El primer intento de devolver el occitano a la vida pública después de la Segunda Guerra Mundial vino de mano de las izquierda. Eso alejó a mucha gente que todavía lo hablaba en el campo. Además François Miterrand obtuvo el apoyo del mítico intelectual Robert Lafont a cambio de comprometerse con la descentralización de Francia. «Miterrand prometió que legalizaría la lengua occitana y que ayudaría a su recuperación. Todo el mundo lo votó y no hizo nada.»

Miterrand se cargó el prestigio político de Lafont que había intentado presentarse a la presidencia de la República por su cuenta pero había fracasado, con la ayuda de los servicios secretos. La escasa descentralización de Miterrand dio pie a las actuales regiones. Entonces no había regiones, sólo departamentos. La gente llevaba el número del departamento en el coche, como signo identitario. «Los norte catalanes llevaban el 66, los de Tolosa el 31 y los bearneses el 64 por todas partes.»

Ahora la reivindicación del occitano se concentra en la acción cultural, un poco como hacía Pujol en los años 60 y 70, aquella época que Jordi Amat, Jiménez Losantos y otros intelectuales del Estado rememoran con nostalgia. «Ahora que no hay vergüenza, ahora que todo el mundo sabe que el occitano no es un patués -me dice Laffont- desde Convergencia Occitana intentamos hacer ver a los politicos que, si no hacen nada, serán responsables de la muerte de la lengua del país».

El hijo pequeño de Laffont va a una escuela de inmersión en occitano.
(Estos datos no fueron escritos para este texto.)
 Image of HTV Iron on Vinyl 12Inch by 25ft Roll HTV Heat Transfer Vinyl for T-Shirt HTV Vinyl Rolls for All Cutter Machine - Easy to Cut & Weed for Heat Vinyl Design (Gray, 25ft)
Estas escuelas se llaman Calendretes y, como suelen impartir una educación de calidad, ingenieros de todo el mundo que trabajan en el airbus llevan ahí a sus hijos. Las Calendretes las fundan los padres y cuando la escuela ha conseguido mantenerse un mínimo de cinco años el Estado francés les hace el favor de las concertarlas. El problema -comentamos con Laffont- es que los jóvenes nacidos a partir de los años 80 y 90 no han vivido la represión ni la conocen.

Por lo que sé, en algunos pueblos todavía tienes que emborrachar a la gente para que pierda la vergüenza y deje de hablar en francés. En muchas zonas, la lengua occitana todavía se asocia a la ruralidad, a la cultura subvencionada y a la vergüenza.

– Queremos dar a conocer el exterminio del occitano, por el bien de nuestro país y de toda Francia -me dice Laffont.

No puedo evitar sonreír y preguntarme cómo puede ser que Francia sea el país de la fraternidad y de los derechos humanos. Supongo que por el mismo mecanismo, Rivera puede ir diciendo en España que en Catalunya hay que romperse la cara para poder hablar en castellano.